I like her boyfriend a lot. He’s very easygoing and respectful. I wasn’t concerned for her safety knowing he would be with her. However, neither are highly motivated and could easily fall into a lazy pattern of sleeping late, hanging about, and not working – which is why I insisted they have a job to go to.
They left about a month ago; they both found work in a resort with rooms on-site. Because of their age, they weren’t allowed to live together, so they were each given a roommate in the gender specific “dorm.” At first, they both enjoyed their jobs and I was so happy for both of them.
Unfortunately, a new manager has taken over my daughter’s department and he’s very tough. He seems to be doing everything in his power to keep the kids apart. He has changed her schedule twice this past week so she can’t see her boyfriend.

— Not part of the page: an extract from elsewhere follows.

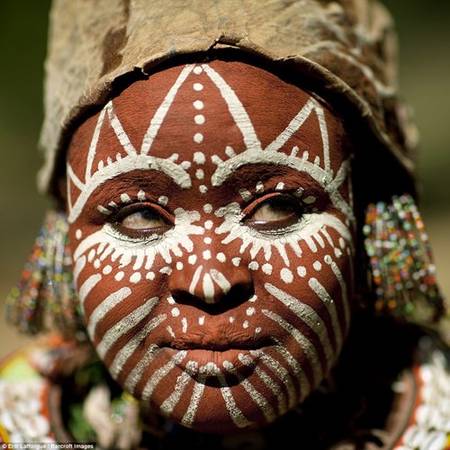 Một người phụ nữ bộ tộc Kikuyu ở Kenya.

She’s been calling me several times daily, completely miserable. This isn’t what she signed up for, and I agree. She wants to quit, and her boyfriend will follow suit. They’ll get paid what they’re owed, but it won’t be pretty as they’ll be breaking their contracts.
How do I advise her?
Parenting from Afar
If your daughter is miserable, then what lesson is she learning from staying under the thumb of a tyrant? It’s a summer job, not her career. I suggest she and her boyfriend look for another job or move on to the next leg of their trip. I also suggest they go to HR together, and that her boyfriend stays close. Something in your longer letter makes me think this manager has an ugly side and needs to be avoided.

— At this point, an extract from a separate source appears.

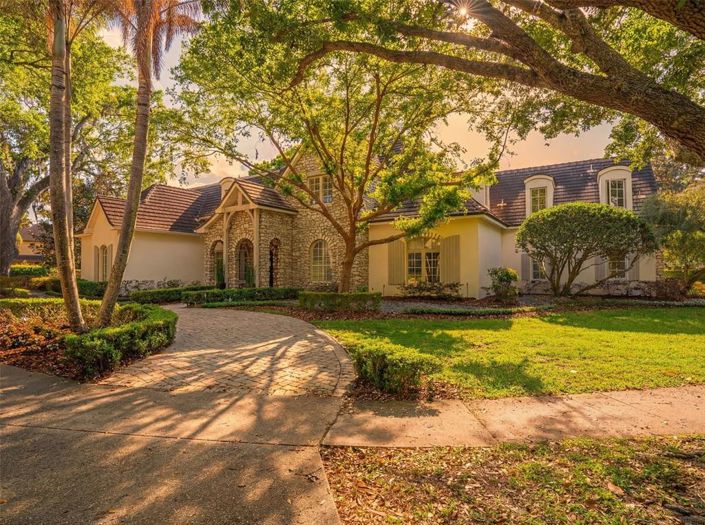 Image No.3-4 Bed Property for sale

And if the kids end up with a week or two in between jobs, that’s OK. Better that they’re safe, in my opinion.
My sister-in-law invited us up to her cottage for the long weekend. When we arrived, the place was a mess. Half-empty beer cans on the table and around the bonfire; mostly empty bowls of chips in the living room; and unflushed toilets in two of the three bathrooms. Every bed had been slept in and was unmade.
I called to tell her and, to my surprise, she laughed! She said her nephew from her other side had borrowed the cottage for two days and had some friends up. She then said, “just choose whichever room you want. You’ll find new sheets in the drawers.”
Really?!? This isn’t how I would treat a guest - family or otherwise. What do I do?
Maid or Guest?
Oh dear. That does sound awful. I’m only confused as to why, if she invited you up for the weekend, she wasn’t there. But either way, I think you have three choices:
- Call a cleaning company and pay for it. Your sister-in-law may or may not pay you back. You’ll be able to enjoy the cottage once it’s cleaned.
- Clean up what you feel comfortable cleaning and enjoy the weekend.
- I feel like there’s more to this story that you haven’t shared with me. It is definitely an odd situation, which is why I feel you’ve left out some key points.
But the choice is yours – if you want to enjoy the cottage, you’ll have to make it as comfortable as you want. If you can’t, then you’ll miss out on the weekend.
FEEDBACK Regarding the woman who has a physical disability (May 30):
Reader #1 – “She has already said the best line: ‘I have a hand that just doesn’t work properly.’
“Even children will understand.”
Lisi – I agree.
Reader #2 – “Sorry Lisi but I totally disagree with your advice to Not Too Handy. She has a physical disability; there is no need to make a joke simply to make her new acquaintances more at ease. If asked, simply explain the problem and carry on. Her real friends are able to deal with it.
“People with disabilities should not have to make jokes simply to make others more at ease.”
Lisi – You are absolutely right that people with disabilities should not have to make jokes. But sometimes humour and lightheartedness go a long way. She asked for my advice, on how to explain what’s happening to people she doesn’t know. I went with humour.